“Statistical Phrase-Based Translation,” by Philipp Koehn, Franz Josef Och, and Daniel Marcu, was presented at the 2003 Human Language Technology Conference of the North American chapter of the Association for Computational Linguistics (HLT-NAACL 2003), pages 127-133. It defined the framework that powered the best statistical translation systems, including the first decade of Google Translate, before neural networks arrived.
The earlier IBM Models translated by reasoning about individual words. Phrase-based translation instead worked with contiguous chunks of words - “phrases” in the statistical, not grammatical, sense. By learning that a multi-word sequence in one language tends to translate as a particular multi-word sequence in another, the system captured local context, idioms, and reordering that word-by-word models missed. A “with the chance of” maps cleanly onto its counterpart as a unit, whereas translating each word separately tends to produce stilted or wrong output.

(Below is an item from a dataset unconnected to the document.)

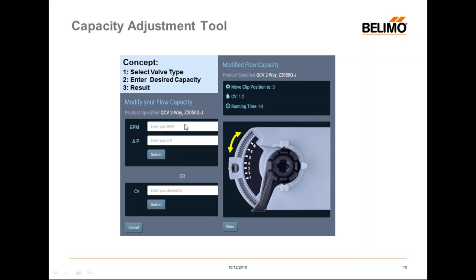Should you not know the GPM — maybe it's a retrofit situation and you want to replace like-for-like CV — you can type in the CV value directly. Hit submit and it will tell you to move the clip position from N to the appropriate position. This procedure can also be done for the PI-QCV. With the PI-QCV, you don't need to know the delta P — just plug in the GPM you need and hit submit to get your new clip setting.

The paper did more than propose the method; it ran controlled experiments to explain why phrase-based models beat word-based ones, examining the effect of phrase length and how phrases were extracted from word alignments. The authors found that relatively simple, heuristically extracted phrases delivered most of the gain, and that very long phrases added little. This combination of a strong method and a clear empirical account of why it worked made the paper highly influential.
Phrase-based translation became the production standard. Its ideas were packaged into the open-source Moses toolkit, which Koehn and others released in 2007, putting state-of-the-art statistical translation in the hands of any researcher or company. The approach held the field until encoder-decoder neural networks with attention overtook it around 2016.